TASK GOAL: The expected output is the full data, repeated exactly, without pictures.

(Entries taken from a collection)
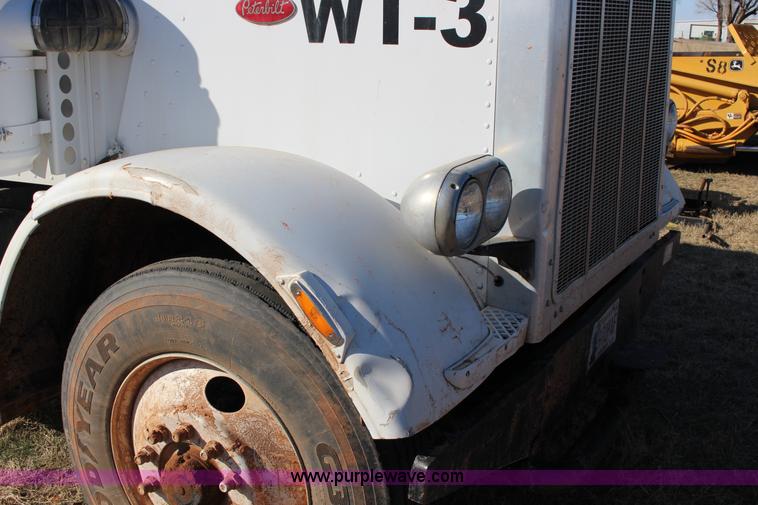 image for item L6674 1986 Peterbilt 359 water truck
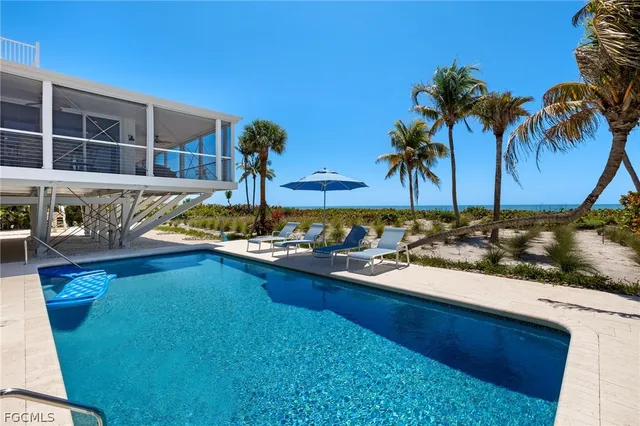 a view of a backyard with a tub and trees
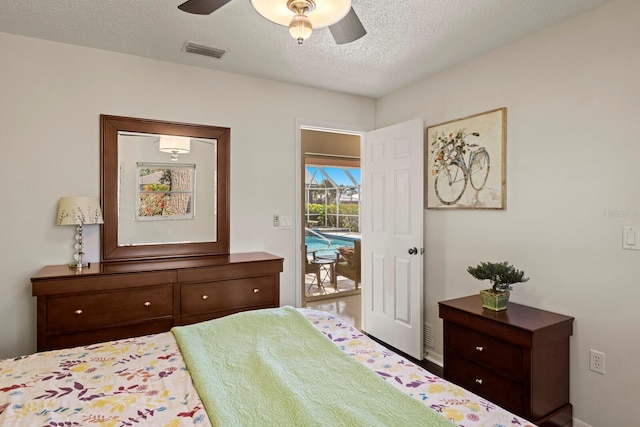bedroom featuring access to outside, ceiling fan, a textured ceiling, baseboards, and visible vents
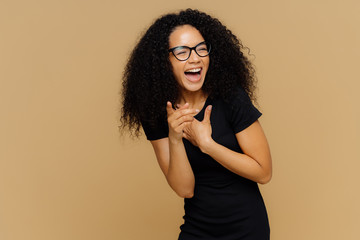Indoor shot of overjoyed female laughs out loudly, notices funny scene, points at camera, keeps...
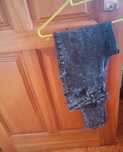 Calças cinzentas da Denim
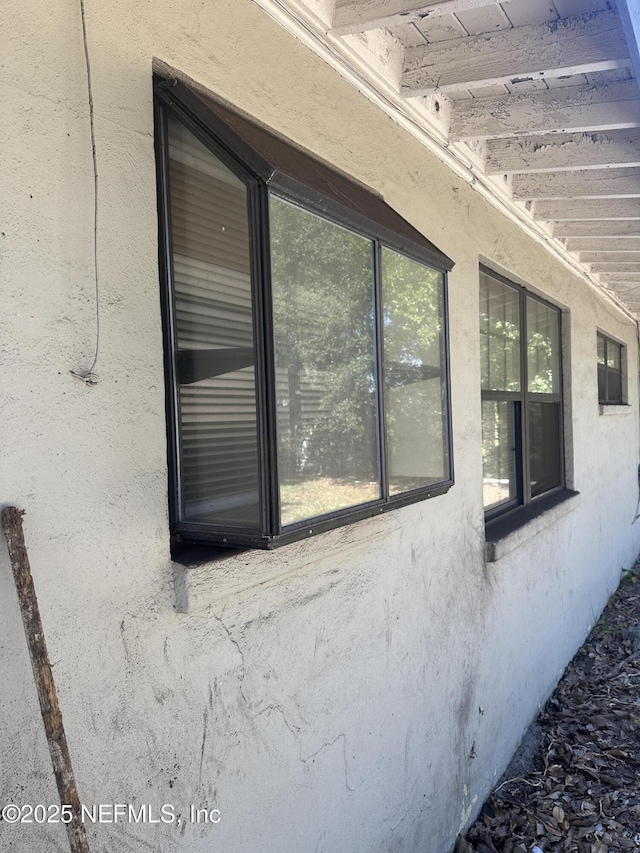 exterior details featuring stucco siding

OUTPUT FOR THIS EXERCISE:
 image for item L6674 1986 Peterbilt 359 water truck
 a view of a backyard with a tub and trees
bedroom featuring access to outside, ceiling fan, a textured ceiling, baseboards, and visible vents
Indoor shot of overjoyed female laughs out loudly, notices funny scene, points at camera, keeps...
 Calças cinzentas da Denim
 exterior details featuring stucco siding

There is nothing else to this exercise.